On March 17, the New Hampshire House of Representatives passed a bill that would cut the state’s cigarette tax by a dime, to $1.68 per pack. Two other states with high tobacco taxes—New Jersey and Rhode Island—are also considering proposals to reduce taxes on tobacco products to make their state’s tax rates more competitive.
This reversal in policy would be fiscally responsible and especially beneficial to low-income people.
Many economists have noted that many states’ cigarette taxes are so high that further tax increases will bring in less revenue than expected and may actually cause the states to lose revenue. After New Jersey raised its cigarette tax 17.5 cents, it experienced a net loss of $24 million in revenue over the next two years.
New Jersey’s revenue drop and results from other states show cigarette tax hikes do not fix budget “potholes” and instead create more long-term budget problems. Lower-income taxpayers are unduly affected by this regressive tax, and de facto “prohibition environments” have been created in some of the higher-tax areas, causing crimes such as smuggling.
Despite these problems, some states with relatively low tobacco taxes, such as California, Georgia, and Idaho, are considering sacrificing their competitive advantage by raising these taxes. These tax hikes would probably increase revenue somewhat in the short term, but the revenues will likely be less than expected, and the revenue stream will dry up over time. That is why some states are thinking about reducing their tax rates.
As smoking rates continue to fall and more people purchase their smokes from less-taxed venues, a new shortfall in revenue is left for other taxpayers to pick up. These revenue gaps will likely leave taxpayers back on the hook for higher taxes to cover the excess spending that was propped up by tobacco taxes in the first place. According to a study by the National Taxpayers Union, “41 of 59 state tobacco tax increases between fiscal years 2001 and 2006 were followed by tax hikes in the two-year period following enactment.”

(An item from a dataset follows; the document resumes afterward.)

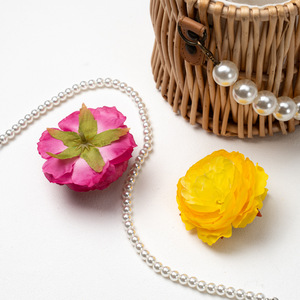 Fleur de pivoine multicouche en soie pour décoration de mariage, de fêtes, de paysages commerciaux et de bricolage - Product Image 2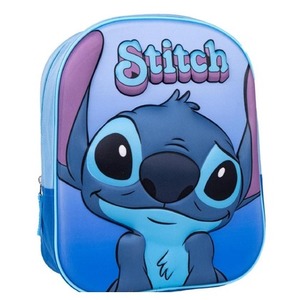 Plecak 3D Stitch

Instead of drawing a line on spending, far too many politicians have turned to “sin” taxes on tobacco, soda, alcohol, and other targeted products to duct-tape their budgets. Even so-called fiscal conservatives often support regressive tax hikes on “sins” to fill budget holes, instead of tackling spending.
In many cases these taxes don’t even have a significant impact on the social or health problem their proponents claim they’ll help fix. Anti-smoking advocates often argue these taxes reduce the number of smokers, and to some extent that’s true, but most smokers merely avoid the tax, thereby hurting local businesses. The taxes just encourage people to buy tobacco products in the black market, online, or across state lines.
States should be looking to create competitive tax advantages and preserve any advantages they already enjoy. It would be smart of New Hampshire, Rhode Island, and New Jersey to buck the trend and begin lowering their tobacco taxes. And California, Georgia, and Idaho would do well not to give up their tax advantage.